# smf on 97 rock Buffalo, N.Y.



## bbqpitstop (Jan 4, 2008)

Not sure if this will work folks, but in the process of plugging our restaurant on 97 Rock, out of Buffalo N.Y. I'm going to attempt to plug the smoking meat forums as well. Here is the link I have so that those of you in Guatamala can here it too.....


http://players.eonstreams.com/FastAim/Player/Player.php?PlayerID=563

We're smokin up a storm here at Desperados to feed our local goof ball DJ's....I hope you can listen in at 8 a.m. this morning if your up at this god awful hour........lord knows I could use some sleep...hope I get all the comments in I need to.............
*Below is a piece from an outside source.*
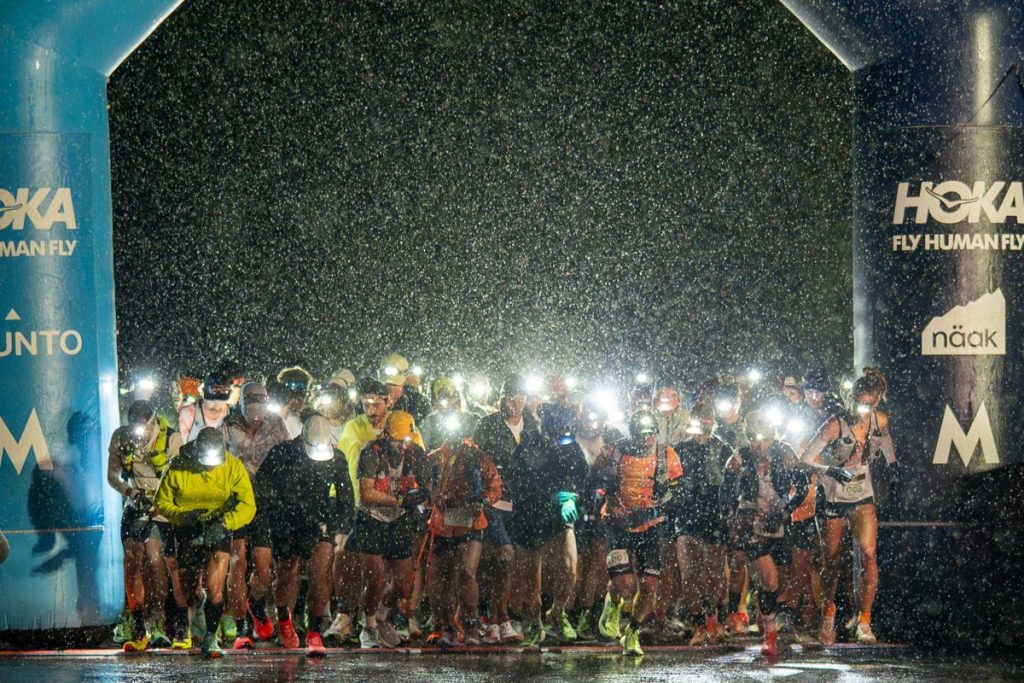 Mihai Șerban a concurat la 2025 Canyon Ultra Marathon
WISH ME LUCK AND GOOD FORTUNE WILL YA?


----------



## bbqpitstop (Jan 4, 2008)

UH, THAT WOULD BE "HEAR" IT TOO..........I'M NOT ILLERATE, JUST DAMNED TIRED...LOL.....................LET'S SEE HOW DELIRIOUS i AM WITH OUR LOCAL SNORTIN NORTON DJ IN THE MORNING....

COULD BE PRETTY GOOFY I'M SURE... LET ME KNOW IF YA HEAR IT..........AND YES, I AM UP FOR ALL THE CRITICISM I CAN GET............


----------



## bbq bubba (Jan 4, 2008)

You have to sign up and log in to listen..............good luck!!


----------